• Records supplied
= = = = = = =

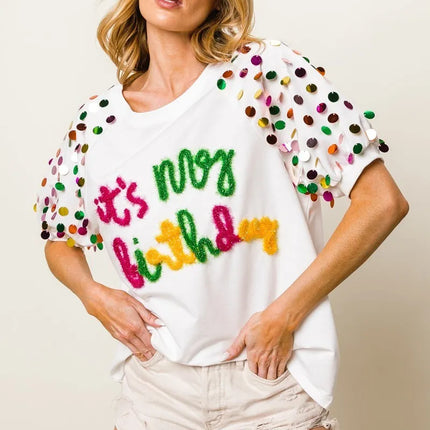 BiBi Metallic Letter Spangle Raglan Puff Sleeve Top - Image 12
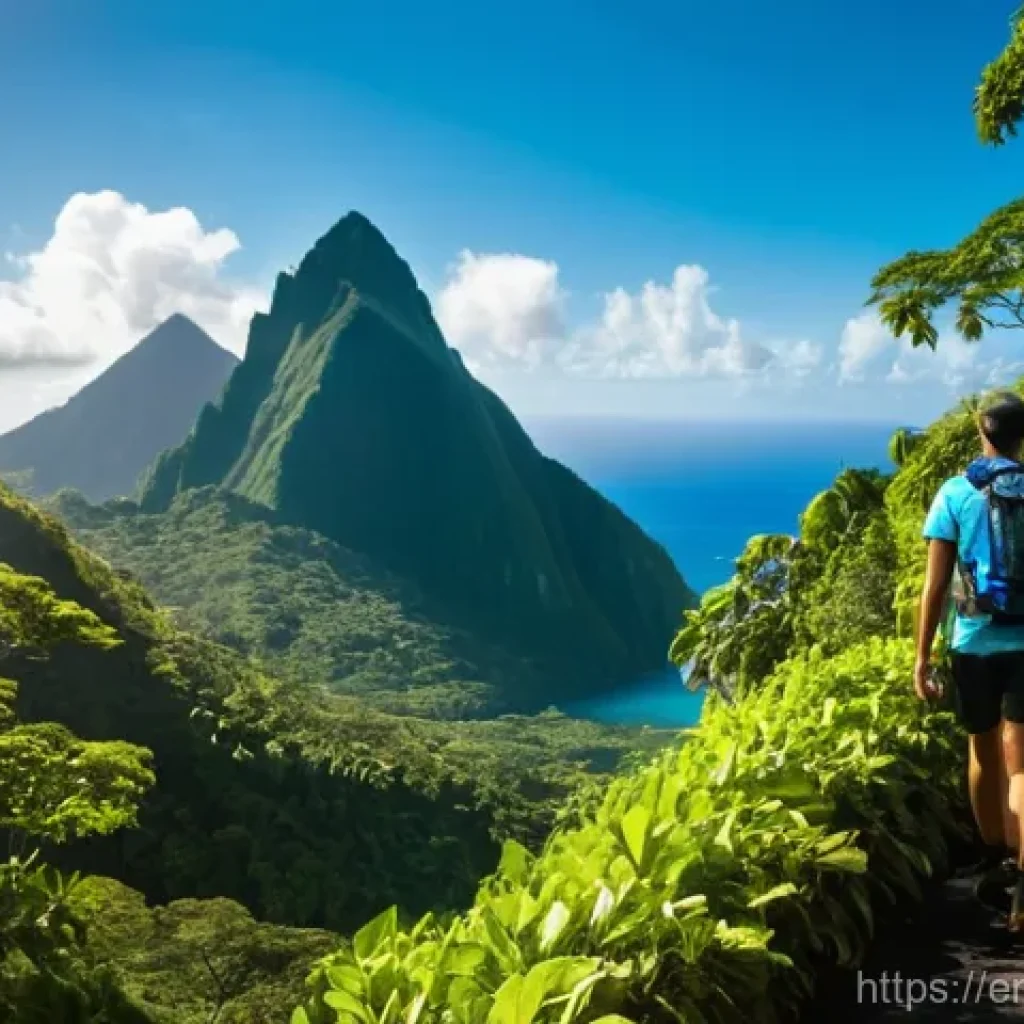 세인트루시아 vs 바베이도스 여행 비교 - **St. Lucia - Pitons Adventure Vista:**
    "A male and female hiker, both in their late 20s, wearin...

= = = = = = =

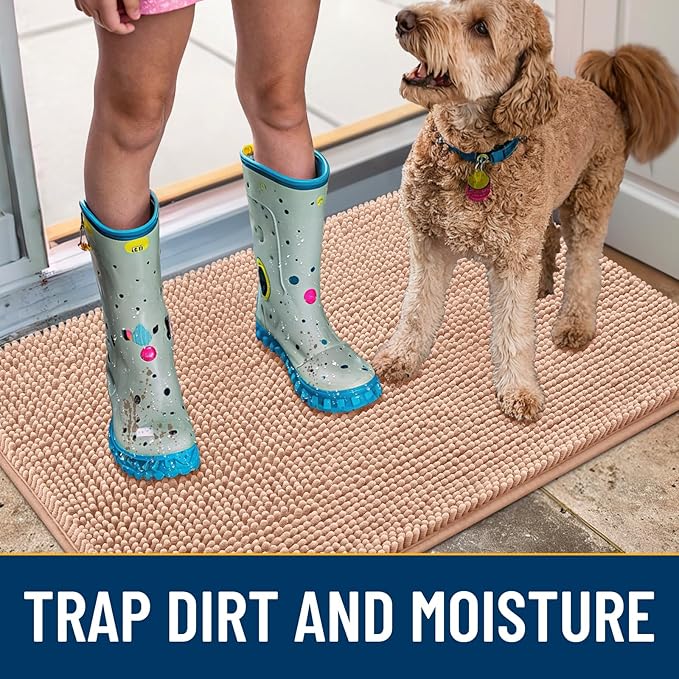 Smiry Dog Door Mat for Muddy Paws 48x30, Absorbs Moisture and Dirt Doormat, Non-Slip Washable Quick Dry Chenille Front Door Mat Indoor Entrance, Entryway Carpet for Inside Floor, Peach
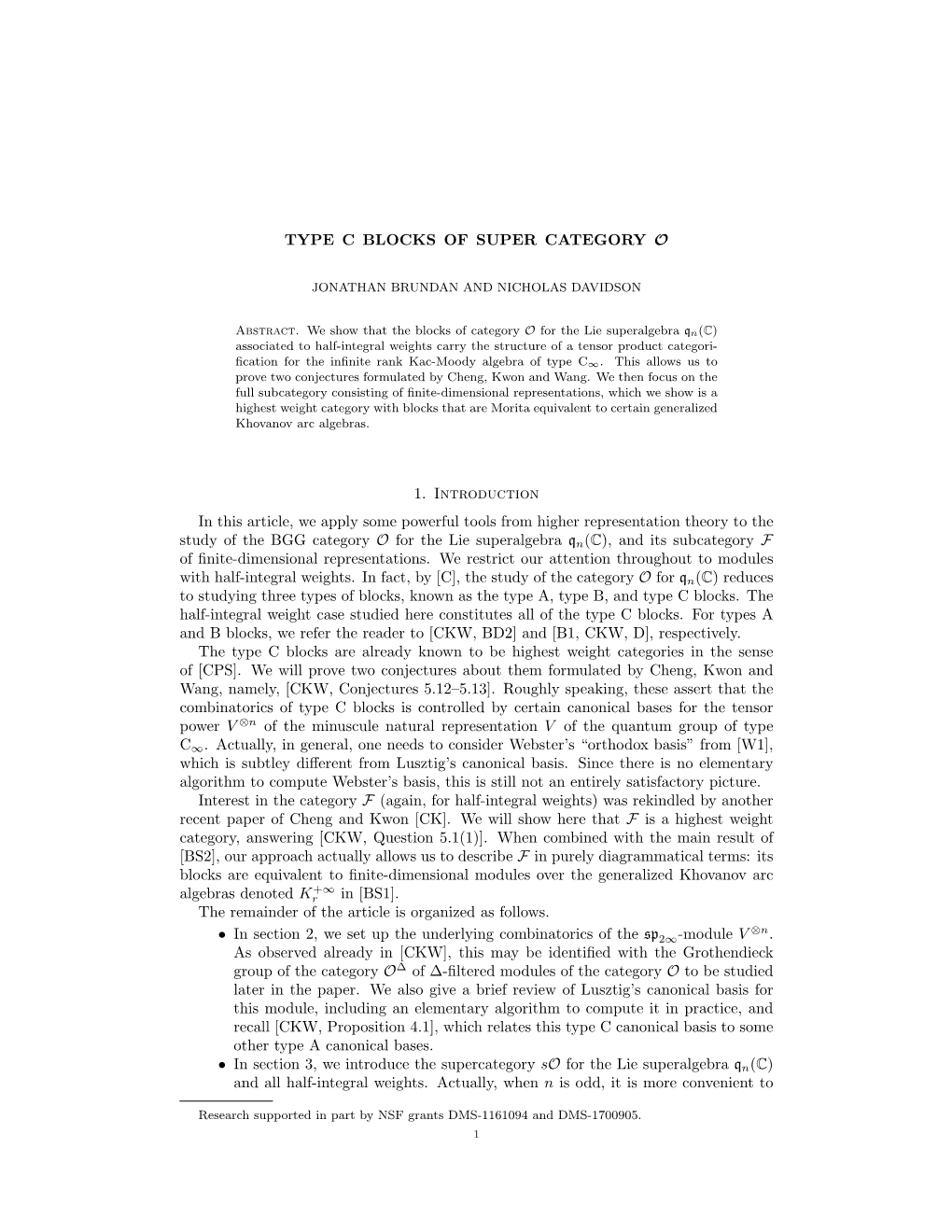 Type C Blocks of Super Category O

= = = = = = =

• Aim of the exercise
The material above holds pictures; leave them out and set down exactly the lines from the line with "BiBi Metallic Letter" to the line with "late 20s, wearin...", both included.

• Reply to the task
 BiBi Metallic Letter Spangle Raglan Puff Sleeve Top - Image 12
 세인트루시아 vs 바베이도스 여행 비교 - **St. Lucia - Pitons Adventure Vista:**
    "A male and female hiker, both in their late 20s, wearin...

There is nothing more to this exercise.